### Description of the task
Print, word for word, the line containing "Used 2025 GMC" and all lines beneath it to the end of the entries below. Pictures do not belong in the copy.

= = = = = = =

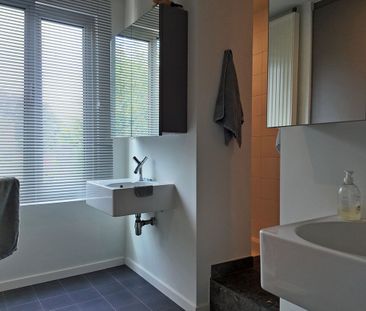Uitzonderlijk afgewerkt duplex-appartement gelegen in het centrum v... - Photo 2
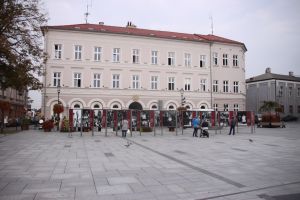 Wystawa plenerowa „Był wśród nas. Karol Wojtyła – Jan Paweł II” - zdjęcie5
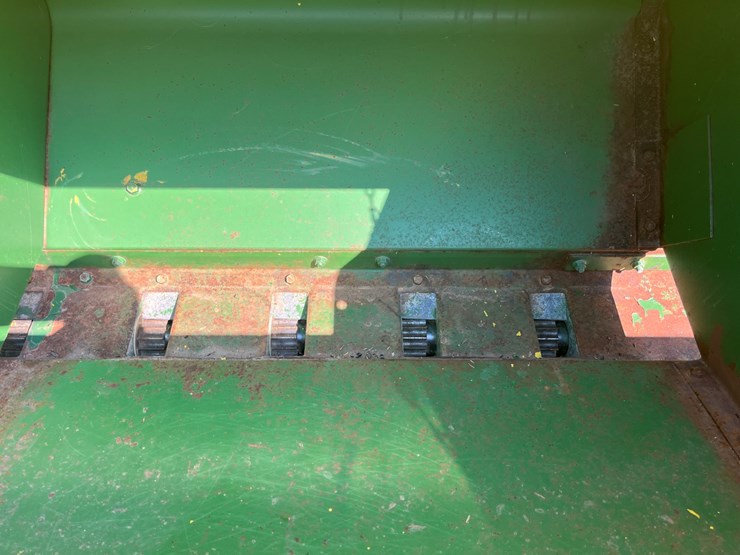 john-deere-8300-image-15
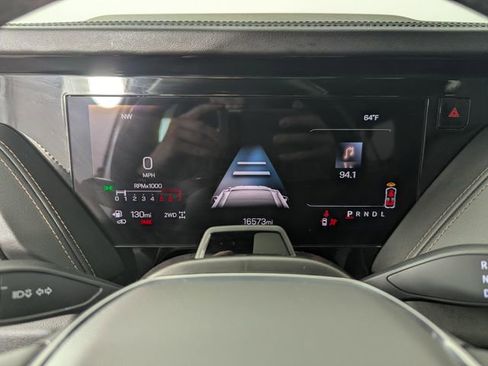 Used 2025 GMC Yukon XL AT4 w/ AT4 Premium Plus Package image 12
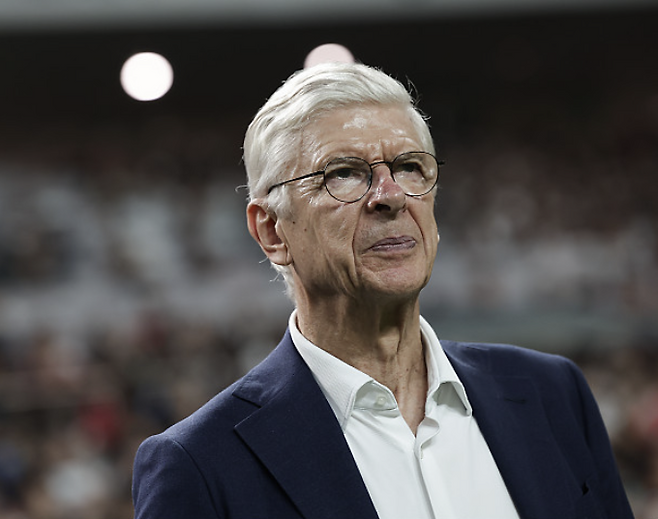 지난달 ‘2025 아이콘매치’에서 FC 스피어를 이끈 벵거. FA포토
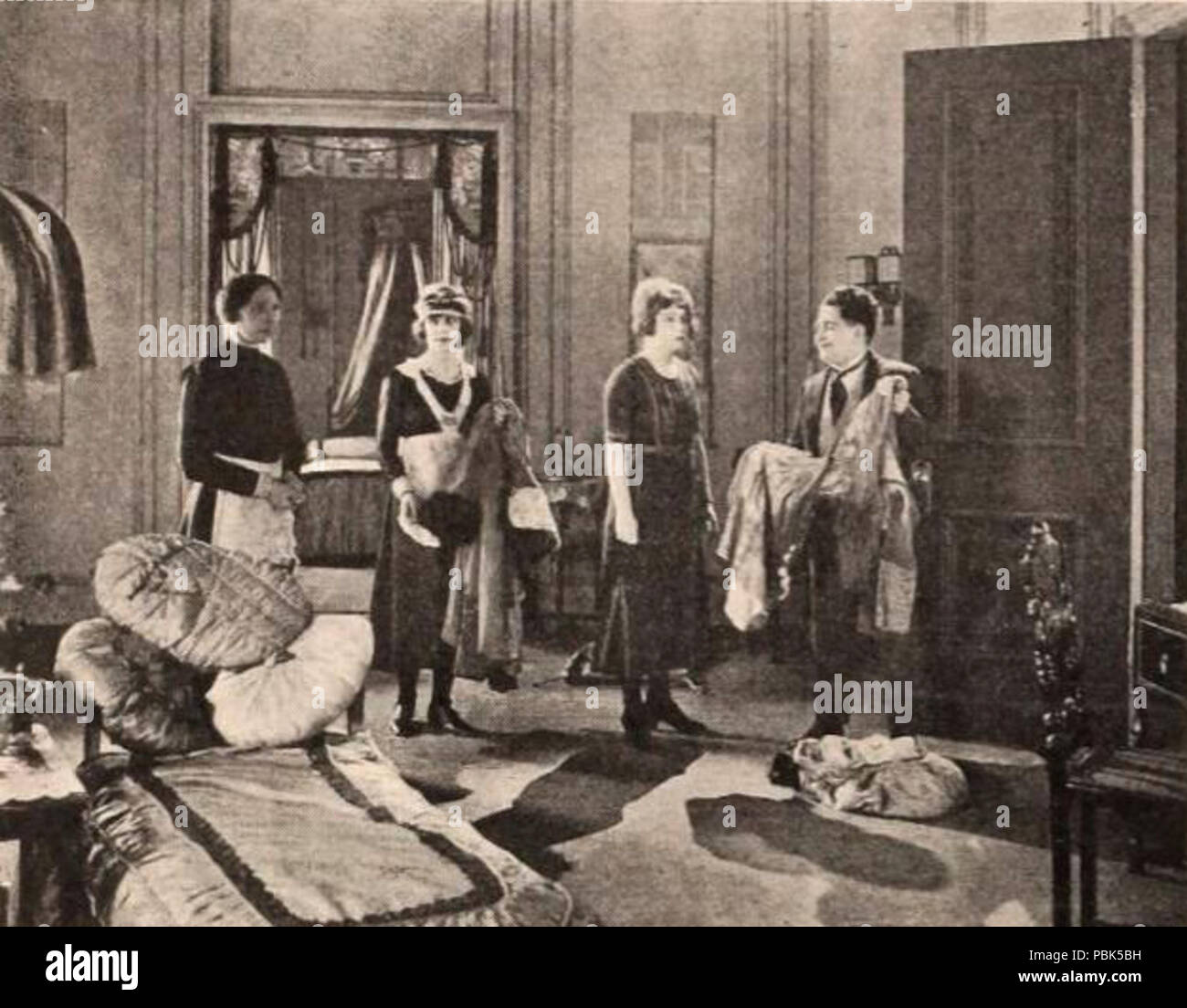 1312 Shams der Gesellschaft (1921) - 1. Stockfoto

= = = = = = =

### Written solution
 Used 2025 GMC Yukon XL AT4 w/ AT4 Premium Plus Package image 12
 지난달 ‘2025 아이콘매치’에서 FC 스피어를 이끈 벵거. FA포토
 1312 Shams der Gesellschaft (1921) - 1. Stockfoto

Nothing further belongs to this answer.